I don't seem to have any of his business cards handy, so I don't have his phone number. But he does respond to email, which is how I usually contact him. I'm on a regular schedule with him now, so I don't have to talk to him very often.


----------



## josrulz (Oct 15, 2006)

painkiller said:


> Here you go, Jos!
> 
> Yellow Dick Diving
> 970 Yachtsman Way
> ...


Thanks painkiller--really appreciate it!
-J


----------



## chef2sail (Nov 27, 2007)

Also Blue panet Divers..out of Annapolis/ Edgewater

Dave


----------



## josrulz (Oct 15, 2006)

Thanks Dave!


----------



## Fstbttms (Feb 25, 2003)

painkiller said:


> Christian dives all winter unlike most other divers in the area...


Why do most other local divers not work through the winter? You don't haul for the winter in that area, do you?


----------



## bheintz (Jun 14, 2001)

Fstbttms said:


> Why do most other local divers not work through the winter? You don't haul for the winter in that area, do you?


The Chesapeake gets a lot of cold water runoff from the mountains of WV, PA and NY. The further north you go up the Bay the more brackish the water becomes and also colder. Potentially, it will get colder and freeze over sooner than that other nearby coastal bodies of water like Long Island Sound that are influenced by the Atlantic.
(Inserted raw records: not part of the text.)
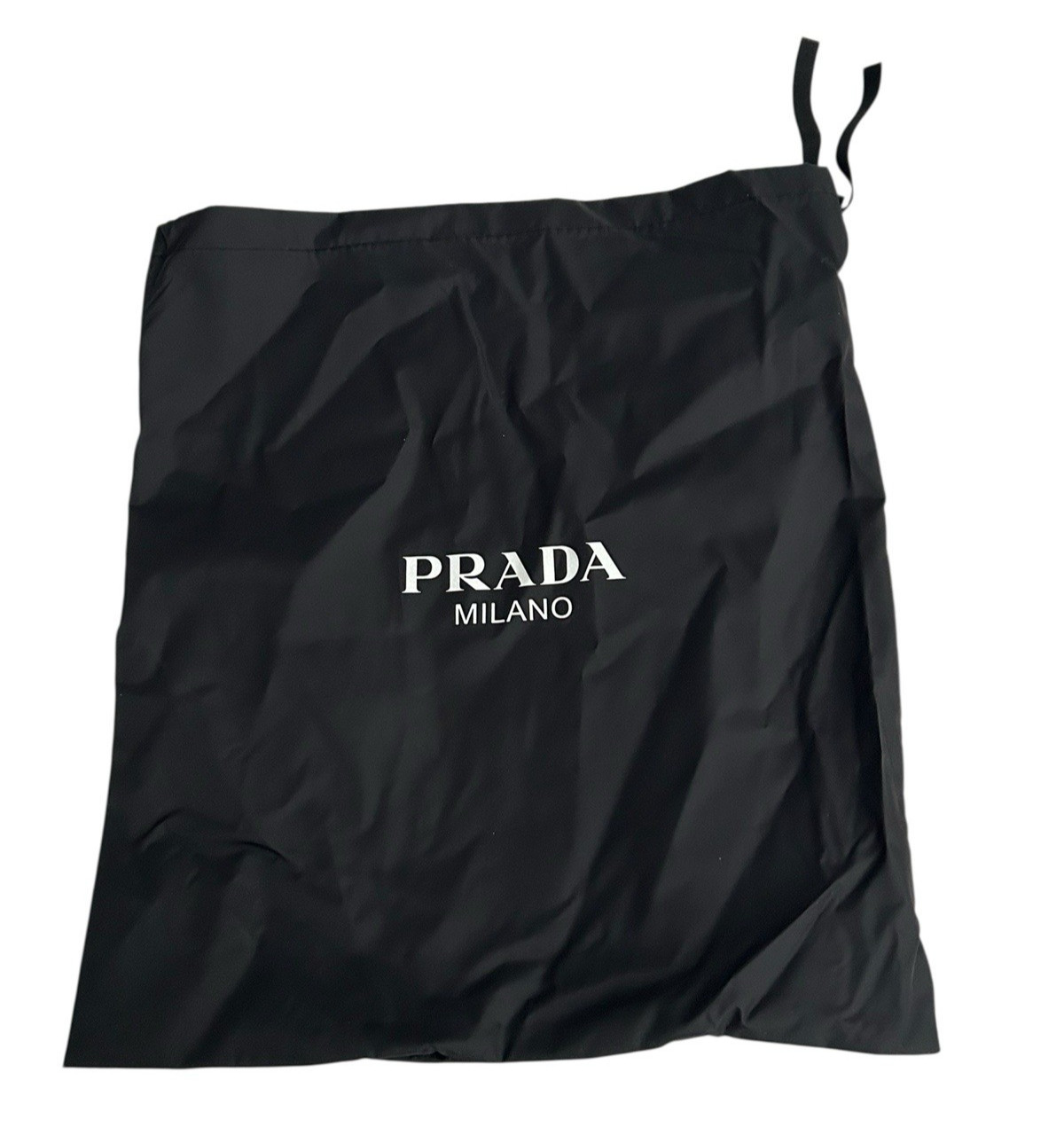 Authentic Prada Milano Dust Bag 13″ x 14″ Black Designer Satin Silky Smooth Feel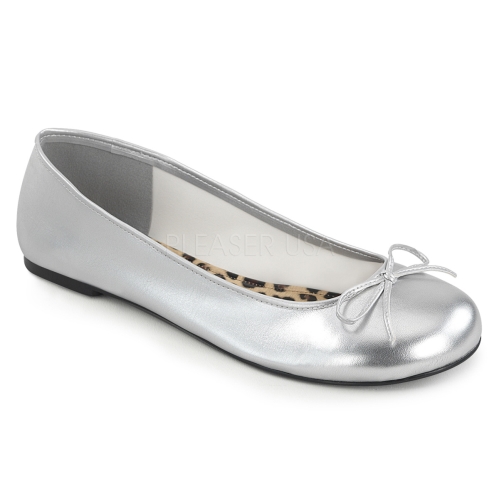 Wear these silver metallic adult ballet flats with a costume or for your dance act. Accented with a classic bow and open style these shoes are easy to slip on.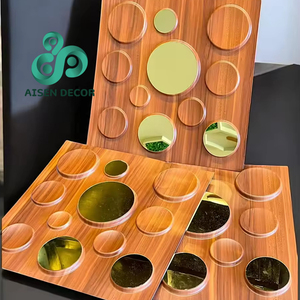 لوحة مرآة من كلوريد البولي فينيل متينة 50*50 * ثلاثية الأبعاد للسقف بتصميم مربع حديث مع وظيفة مقاومة للرطوبة بلون خشبي - Product Image 3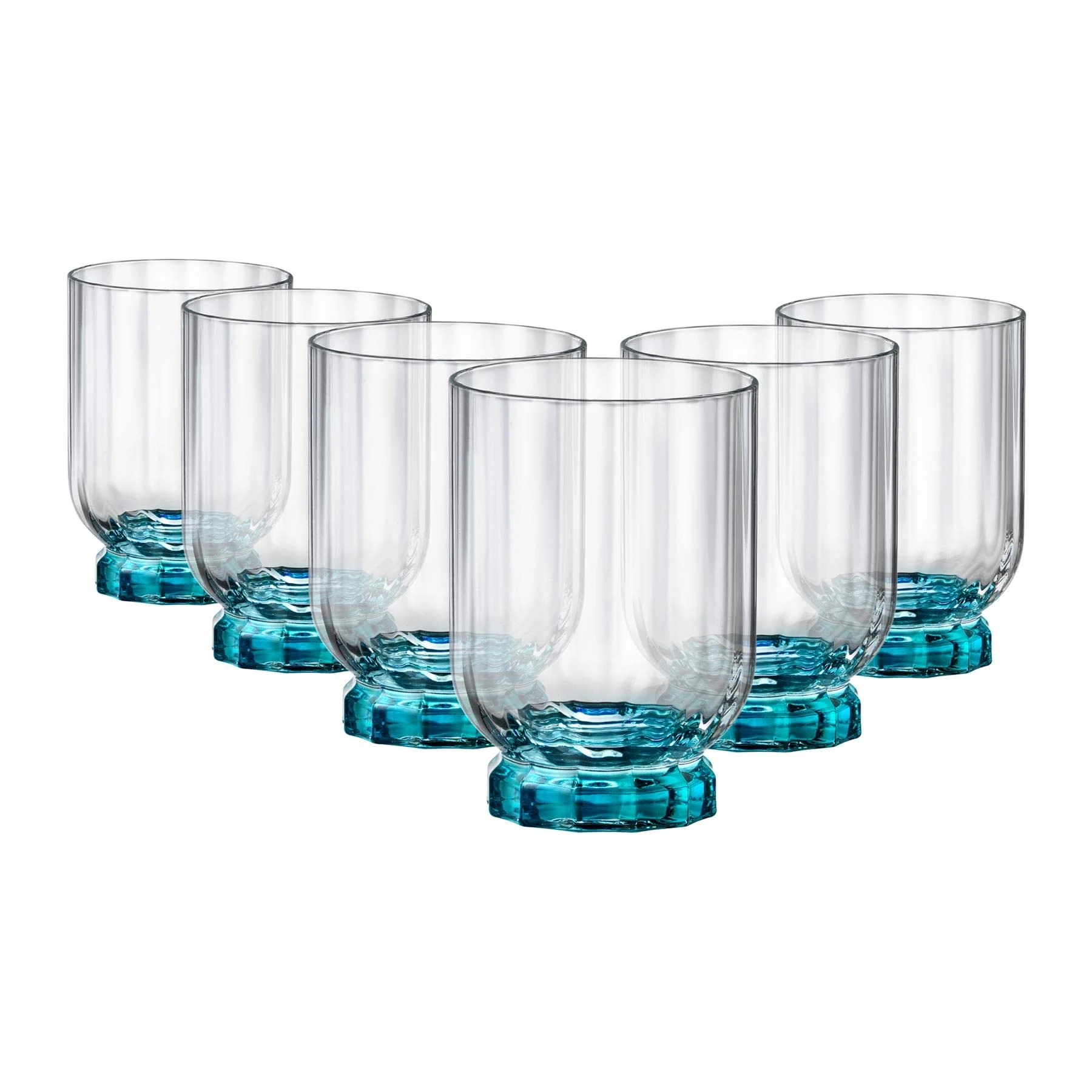Rocco Bormioli Bormioli Rocco Florian Set of 6 Glass Glasses, Blue Foot, Rocks, 30 cl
In '77 the Bay froze over completely land locking Baltimore for a brief period of time.

Many people haul their boats so they don't have to deal with ice, bubblers or frozen bilge pumps.


----------



## josrulz (Oct 15, 2006)

Fstbttms said:


> Why do most other local divers not work through the winter? You don't haul for the winter in that area, do you?


While it doesn't freeze solid usually here, the creeks in our area do freeze during the winter, so it gets pretty cold in the water. Most people I know haul for the winter, but as bheintz mentioned, some people use bubblers, etc. Just 125 miles south of here, most everyone leaves the boat in all winter, but the water is much higher salt content.


----------



## SVAuspicious (Oct 31, 2006)

I liveaboard and don't haul for the winter. If you keep the boat heated it isn't an issue.

I use Patrick McMahon ( [email protected] 410-271-0340 ) and am pleased with his service. I particularly like that he will send me an e-mail when he is planning to be at the boat (I am on a 5 week schedule) so I can leave a check out for him. That works for us. If you choose to use him please tell him Auspicious recommended him. He is $3/ft for the first service and now charges me $90 / service for the regular cleaning.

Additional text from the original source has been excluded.